I have a dataframe that has the attributes "key"
, "name"
, and "value
". For each "key"
group, I want the attributes "name"
to be stored in an array. The "value"
of each name would then be stored into it's own column named "<name>_value"
. For example:
key name value
0 A Patton 2
1 A Arthur 2
2 B Will 1
3 B Patton 1
The dataframe above should be transformed as such:
key name Patton_value Arthur_value Will_value
0 A [Patton, Arthur] 2 2 null
1 B [Patton, Will] 1 null 1
What I have attempted so far is:
df.groupby('key').name.apply(list).reset_index()
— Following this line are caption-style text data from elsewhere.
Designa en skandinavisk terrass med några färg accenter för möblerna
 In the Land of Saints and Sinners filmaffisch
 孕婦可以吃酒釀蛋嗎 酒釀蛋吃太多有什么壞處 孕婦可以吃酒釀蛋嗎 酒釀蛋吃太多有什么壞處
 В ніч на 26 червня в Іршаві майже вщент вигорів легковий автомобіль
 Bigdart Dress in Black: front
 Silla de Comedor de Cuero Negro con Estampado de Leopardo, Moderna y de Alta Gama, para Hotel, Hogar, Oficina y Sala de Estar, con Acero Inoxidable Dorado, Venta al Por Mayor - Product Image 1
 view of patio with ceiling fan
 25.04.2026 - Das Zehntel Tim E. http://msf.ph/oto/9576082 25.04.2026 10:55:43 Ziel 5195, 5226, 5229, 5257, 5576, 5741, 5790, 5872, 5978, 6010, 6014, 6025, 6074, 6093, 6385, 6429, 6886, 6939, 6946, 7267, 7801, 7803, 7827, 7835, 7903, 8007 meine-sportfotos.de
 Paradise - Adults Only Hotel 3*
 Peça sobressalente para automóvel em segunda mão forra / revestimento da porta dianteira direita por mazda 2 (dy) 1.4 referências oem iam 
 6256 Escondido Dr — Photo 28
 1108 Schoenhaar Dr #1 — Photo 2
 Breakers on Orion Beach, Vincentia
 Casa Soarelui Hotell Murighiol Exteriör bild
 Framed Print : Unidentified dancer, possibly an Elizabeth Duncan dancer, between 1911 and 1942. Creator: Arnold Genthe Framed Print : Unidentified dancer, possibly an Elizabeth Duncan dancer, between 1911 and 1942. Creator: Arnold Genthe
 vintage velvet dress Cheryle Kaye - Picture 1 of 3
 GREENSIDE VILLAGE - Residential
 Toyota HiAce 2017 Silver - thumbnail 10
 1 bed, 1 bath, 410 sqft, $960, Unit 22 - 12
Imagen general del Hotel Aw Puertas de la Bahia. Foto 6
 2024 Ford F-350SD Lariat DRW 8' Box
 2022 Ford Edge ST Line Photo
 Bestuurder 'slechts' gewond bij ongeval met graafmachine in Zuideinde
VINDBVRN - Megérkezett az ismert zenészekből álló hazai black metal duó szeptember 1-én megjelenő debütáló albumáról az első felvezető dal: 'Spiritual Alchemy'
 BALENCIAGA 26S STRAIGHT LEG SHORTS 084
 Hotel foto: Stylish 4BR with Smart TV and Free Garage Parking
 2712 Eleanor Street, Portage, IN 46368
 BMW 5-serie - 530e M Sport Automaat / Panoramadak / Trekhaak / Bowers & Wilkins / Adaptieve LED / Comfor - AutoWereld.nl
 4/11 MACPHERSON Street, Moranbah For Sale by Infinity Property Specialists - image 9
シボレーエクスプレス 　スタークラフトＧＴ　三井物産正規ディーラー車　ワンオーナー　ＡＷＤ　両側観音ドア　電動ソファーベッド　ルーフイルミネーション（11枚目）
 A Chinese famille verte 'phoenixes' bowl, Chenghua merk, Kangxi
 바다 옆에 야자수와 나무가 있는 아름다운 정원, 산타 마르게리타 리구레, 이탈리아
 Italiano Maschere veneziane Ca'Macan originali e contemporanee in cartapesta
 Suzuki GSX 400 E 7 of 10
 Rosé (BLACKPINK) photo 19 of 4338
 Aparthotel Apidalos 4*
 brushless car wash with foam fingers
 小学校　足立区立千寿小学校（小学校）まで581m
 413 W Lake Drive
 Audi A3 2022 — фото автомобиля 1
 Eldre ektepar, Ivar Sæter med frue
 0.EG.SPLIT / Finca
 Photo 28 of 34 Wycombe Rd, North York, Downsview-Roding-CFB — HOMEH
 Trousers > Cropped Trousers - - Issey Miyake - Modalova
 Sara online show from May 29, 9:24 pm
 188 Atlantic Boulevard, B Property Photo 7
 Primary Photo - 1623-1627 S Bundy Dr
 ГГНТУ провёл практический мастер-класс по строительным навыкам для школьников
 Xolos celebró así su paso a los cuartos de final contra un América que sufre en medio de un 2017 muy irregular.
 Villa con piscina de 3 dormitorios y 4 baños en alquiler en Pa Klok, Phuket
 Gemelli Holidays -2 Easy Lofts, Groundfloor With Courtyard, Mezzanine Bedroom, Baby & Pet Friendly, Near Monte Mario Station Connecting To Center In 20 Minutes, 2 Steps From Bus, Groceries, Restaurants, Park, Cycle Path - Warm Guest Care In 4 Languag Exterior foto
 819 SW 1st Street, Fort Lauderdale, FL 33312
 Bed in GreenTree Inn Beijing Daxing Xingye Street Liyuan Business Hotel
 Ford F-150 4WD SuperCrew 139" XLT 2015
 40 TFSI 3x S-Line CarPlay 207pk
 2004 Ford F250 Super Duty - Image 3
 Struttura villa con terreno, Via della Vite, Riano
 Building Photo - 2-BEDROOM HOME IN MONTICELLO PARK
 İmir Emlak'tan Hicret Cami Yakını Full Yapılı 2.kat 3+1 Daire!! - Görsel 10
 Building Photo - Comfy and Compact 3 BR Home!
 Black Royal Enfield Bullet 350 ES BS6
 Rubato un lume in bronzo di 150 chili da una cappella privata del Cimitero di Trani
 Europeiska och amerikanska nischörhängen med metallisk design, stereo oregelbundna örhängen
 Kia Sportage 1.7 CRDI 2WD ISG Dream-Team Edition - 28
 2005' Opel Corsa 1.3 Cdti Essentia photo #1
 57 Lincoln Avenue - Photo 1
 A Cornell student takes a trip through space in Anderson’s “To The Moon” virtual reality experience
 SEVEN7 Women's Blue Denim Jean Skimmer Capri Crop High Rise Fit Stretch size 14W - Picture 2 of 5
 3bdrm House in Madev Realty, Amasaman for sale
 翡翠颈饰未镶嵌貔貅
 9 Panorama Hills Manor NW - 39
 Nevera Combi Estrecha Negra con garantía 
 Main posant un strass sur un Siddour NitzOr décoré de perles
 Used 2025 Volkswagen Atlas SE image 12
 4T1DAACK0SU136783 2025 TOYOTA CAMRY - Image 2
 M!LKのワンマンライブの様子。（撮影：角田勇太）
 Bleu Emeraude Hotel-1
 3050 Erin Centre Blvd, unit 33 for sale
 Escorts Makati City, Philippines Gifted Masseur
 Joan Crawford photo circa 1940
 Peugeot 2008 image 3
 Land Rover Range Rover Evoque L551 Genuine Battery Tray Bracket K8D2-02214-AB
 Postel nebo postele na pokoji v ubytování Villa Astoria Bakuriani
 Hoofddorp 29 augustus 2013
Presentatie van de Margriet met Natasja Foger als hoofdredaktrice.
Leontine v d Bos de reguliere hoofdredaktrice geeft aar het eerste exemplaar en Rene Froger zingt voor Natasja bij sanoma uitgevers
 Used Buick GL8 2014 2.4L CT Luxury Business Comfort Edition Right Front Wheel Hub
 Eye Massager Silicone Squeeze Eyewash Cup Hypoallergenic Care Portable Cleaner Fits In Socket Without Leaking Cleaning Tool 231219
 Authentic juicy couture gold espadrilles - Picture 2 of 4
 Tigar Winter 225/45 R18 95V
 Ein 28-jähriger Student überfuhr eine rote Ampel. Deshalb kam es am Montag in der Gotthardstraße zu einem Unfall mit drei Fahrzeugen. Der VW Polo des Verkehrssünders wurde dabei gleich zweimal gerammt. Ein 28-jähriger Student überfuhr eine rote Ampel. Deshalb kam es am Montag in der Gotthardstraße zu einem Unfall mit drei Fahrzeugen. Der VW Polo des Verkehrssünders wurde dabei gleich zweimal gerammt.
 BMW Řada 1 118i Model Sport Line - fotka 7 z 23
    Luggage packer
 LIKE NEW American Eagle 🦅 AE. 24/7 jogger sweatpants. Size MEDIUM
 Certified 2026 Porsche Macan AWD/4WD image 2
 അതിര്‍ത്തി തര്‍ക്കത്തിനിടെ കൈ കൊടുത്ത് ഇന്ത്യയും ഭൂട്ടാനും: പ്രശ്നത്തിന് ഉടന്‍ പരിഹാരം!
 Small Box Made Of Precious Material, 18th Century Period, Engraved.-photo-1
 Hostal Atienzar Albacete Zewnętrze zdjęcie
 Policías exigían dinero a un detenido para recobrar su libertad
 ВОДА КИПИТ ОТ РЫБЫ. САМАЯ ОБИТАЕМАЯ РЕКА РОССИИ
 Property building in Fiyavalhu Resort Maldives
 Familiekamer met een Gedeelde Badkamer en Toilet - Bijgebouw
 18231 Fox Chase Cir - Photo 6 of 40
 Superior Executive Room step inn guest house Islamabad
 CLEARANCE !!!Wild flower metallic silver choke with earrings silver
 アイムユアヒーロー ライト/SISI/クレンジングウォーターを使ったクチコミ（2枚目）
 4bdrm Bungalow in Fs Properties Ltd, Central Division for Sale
But I don't know how to preserve the values for the "name"
and save them as a column.
CodePudding user response:
There might be more concise ways to do it, but this works:
D = df.pivot(columns='name', index='key', values='value').reset_index().rename_axis(None, axis=1)
D['name'] = D.apply(lambda x: df['name'][df['key'] == x['key']].values, axis=1).reset_index(drop=True)
D = D[[D.columns[0], D.columns[-1], *D.columns[1:-1]]]
D.columns = [*D.columns[:2], *D.columns[2:] '_value']
Output:
>>> D
key name Arthur_value Patton_value Will_value
0 A [Patton, Arthur] 2.0 2.0 NaN
1 B [Will, Patton] NaN 1.0 1.0
CodePudding user response:
You can create a name_list
column and pivot the dataframe:
df['name_list'] = df['key'].map(df.groupby('key')['name'].agg(tuple))
out = df.pivot_table(values='value', index=['key','name_list'], columns='name').add_suffix('_value').reset_index().rename({'name_list':'name'}, axis=1)
out['name'] = out['name'].apply(lambda x: list(x))
out.columns.name = None
Output:
key name Arthur_value Patton_value Will_value
0 A [Patton, Arthur] 2.0 2.0 NaN
1 B [Will, Patton] NaN 1.0 1.0